Enjoying the Summer, Outdoors
Summer recreation program sees largest number of participants this year
•July 22, 2015•
by Keith Stewart
keith@newsprogress.com
Since June 1, chances are if you’ve gone by Wyman Park during the morning or afternoon, you’ve witnessed a large circus of children playing a variety of games from flag football to kickball, soccer, Frisbee, table tennis, and even interacting on the park’s many slides and swings.
But what may appear to be just a large rag-tag group of children running about is actually the long-standing summer park recreation group, which for decades has kept Sullivan youth busy playing and having fun outside.
“I think it’s a good thing for kids in the community to have some structured event to go,” said Sullivan mayor Ann Short. “It keeps them out of trouble.”
For more than 50 years, the summer rec program has been open to Sullivan’s youth. Paid volunteers run it on a daily basis for eight weeks, typically beginning the first Monday of summer break. The program is funded through property tax revenue, a small portion of which is set aside in a recreation fund to help pay not only for the volunteer staff, but also supplies. For the last four years, the program has been manned by husband and wife Jake and Melissa Haegen.
“I came out here when I was a kid,” said Jake. “My dad said he came out here when he was a kid, too, so it’s been going on for at least 50 years.”

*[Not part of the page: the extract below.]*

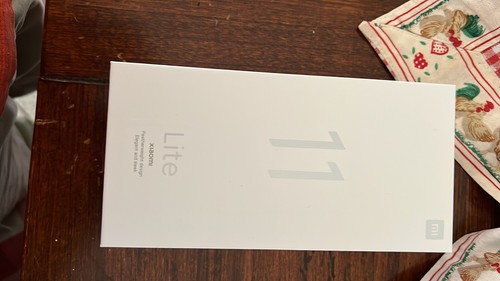 Telefoni cellulari xiaomi - telefoni,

“For the kids I think it gives them something that keeps them occupied, and they’re not getting into trouble,” said Melissa. “They’re being active. They’re not sitting in front of video games all summer long. We’re encouraging them to participate in sports that they may not have thought they were good at. It builds their confidence, their social skills. It’s just a positive thing for them to be out here. It’s a little less structured than the school environment so they enjoy that.”
One key element in the program’s success more recently is the implementation of the summer food service program, an initiative that is funded by the USDA and aims to provide meals to low-income students.